Sentir uma tristeza carregada de saudade,

desapontamento ou luto.//

Retratos

Quando adentra a escuridão, sem nada ver e com os dedos tateando delicadamente as paredes junto à porta para encontrar seu caminho. Depara-se com um sem número de retratos que se permitem resvalar, mas nunca serem seguros.

Quando a vista finalmente se adequa a pouca luz presente, torna-se capaz de distinguir formas de mobília velha e velhos sonhos. O cheiro de mofo dos livros se torna lembrança e os passos através das tábuas apodrecidas do piso úmido o encaminham para a fonte da escuridão.

Passo após passo, dia após dia revivendo momentos: a dor do último corte, a decisão de seguir outro rumo, as traições, a felicidade do nascimento do seu filho, o dia de seu casamento, pegar o diploma de arquitetura, quando conheceu o amor de sua vida, o primeiro carro, o primeiro emprego, a turma do colégio, as festinhas de aniversário, o colo da mãe e o abismo escuro que se estendia em sua frente.

Olha para dentro do abismo sem conseguir enganar-se, está deixando ir parte de si.
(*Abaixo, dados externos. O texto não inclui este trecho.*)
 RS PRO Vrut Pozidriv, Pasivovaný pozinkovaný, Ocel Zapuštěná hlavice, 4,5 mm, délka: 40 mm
As partes que se orgulhava, as palavras escritas, os sonhos disputados, o amor verdadeiro. Lamentava. Repetia desesperos.

Fitou mais uma vez os retratos e aquelas imagens que não existiram onde as dádivas da vida se materializavam, em momentos que nunca iriam acontecer. Retratos das outras escolhas, da vida não vivida.

Uma luz vivida cruzou a escuridão, pontes de mármore cruzavam o abismo.

***

Abriu os olhos, permitiu-se escapar das alucinações que havia criado, respirou fundo e sentiu o cheiro forte de café. Em seu peito estava o amor de sua vida, ao seu lado sempre. Mesmo quando era apenas um sentimento tão profundo, que nem a distância permitia esquecer.